Some conversions produce ambiguous output. In this case, you will be offered two alternatives on a yellow background, eg. presents you with the alternatives 'h' or 't'. Simply click on the alternative you want, and the picker will discard the rest.
As you mouse over characters in the selection areas of the picker, you will see the code point and character name appear here.
When working on an iPad or similar device, you should set this to Off. This prevents the keyboard popping up after you input every character.
The vertical grey bar to the left allows you to turn on/off a number of panels that can help create the text you want.
Default. Turns off all input aids and closes all panels.
Keyboard. A subset of the characters in the default view are arranged as per the Unicode Phonetic Keyboard (UCL) v1.01 designed by Mark Huckvale. On any given key, the left-to-right order of characters corresponds to normal, shift and altgr.
Left-hand controls. These controls at the bottom of the page allow you to modify fonts used, the font size, line height, and the height of the text area.
Search for. If you are searching for a particular character and know (at least part of) the name or the codepoint, type that in the search box and hit return. All characters with matching text in the name or codepoint number will be highlighted. The highlighting is only removed when you click on the X next to the search input field.
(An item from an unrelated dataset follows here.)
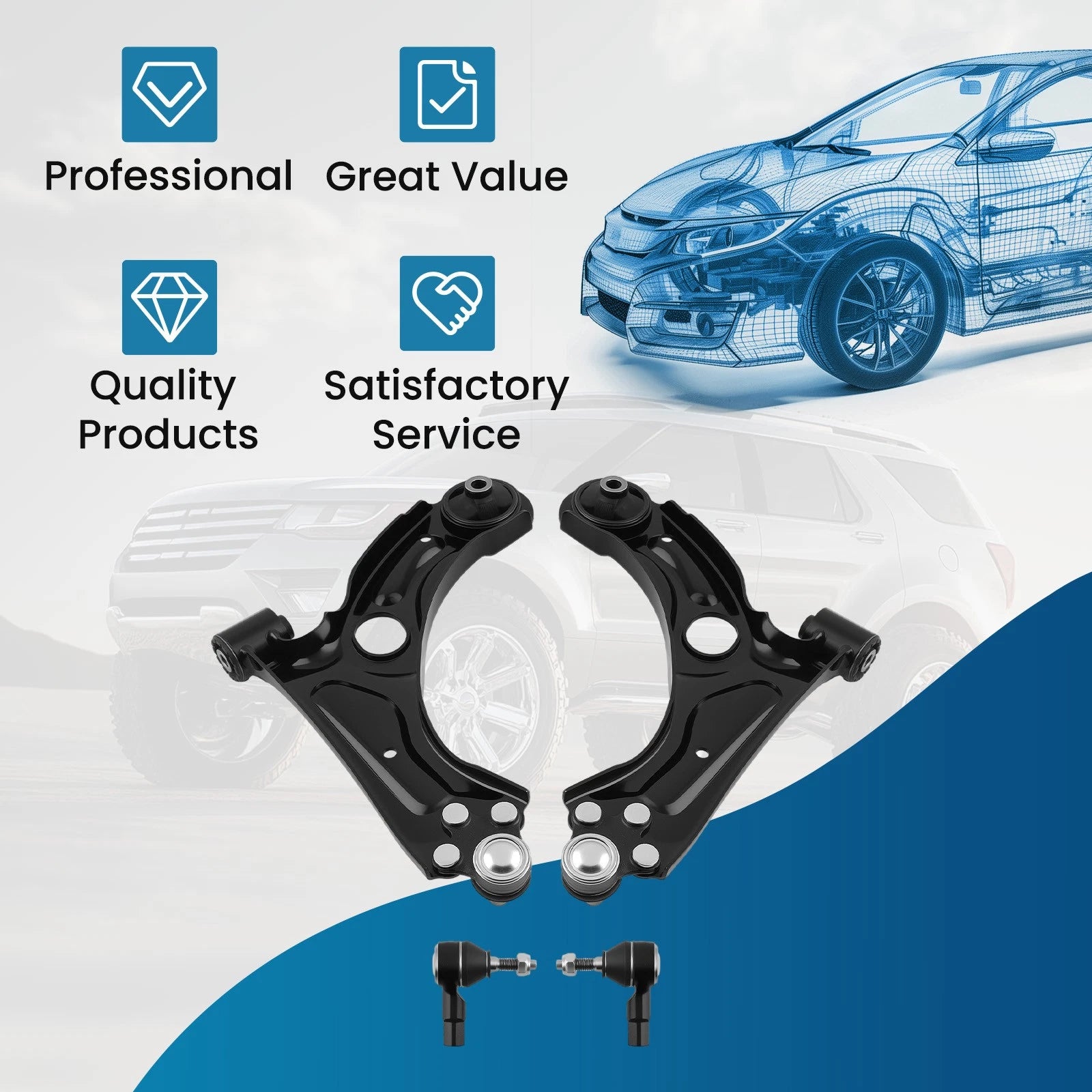 Set of 4 Front Lower Control Arms Tie Rods for Chevy Sonic (2012–2019)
You can also use regular expression syntax to improve your search results. For example, to find the letter 'ha', but not 'gha' etc, you can use \bha\b (or the shortcut, :ha:).
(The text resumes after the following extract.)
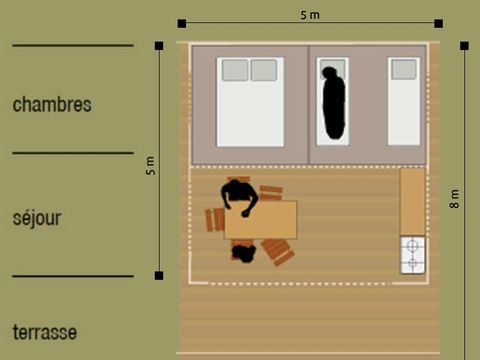 CANVAS AND WOOD TENT 4 people - Lodge Nature - Without sanitary facilities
Click on more controls to reveal the less commonly used controls described here.
Normalise. All text is added to the main text area in Unicode normalisation form NFC by default. You can change to NFD or no normalisation by clicking on the buttons in the yellow area. Note that normalization only takes place when you click on a character – text pasted into the box won't be normalised until you click on another character above, or click on a button in the yellow area.
Change table font. Allows you to change the font and size of the characters you click on in the main selection areas.
CC base. You would normally expect combining characters, such as accents and vowel signs, when displayed alone to be associated with a dotted circle, however these font glyphs are handled inconsistently from one browser/font to the next. The picker is set up for a given web font initially, but if you change the table font you may need to do something to ensure that combining characters display in a way that helps you click on them.
The CC base control allows you to specify a base character that will be used before each combining character (or no base character). This should hopefully help for most font and browser combinations.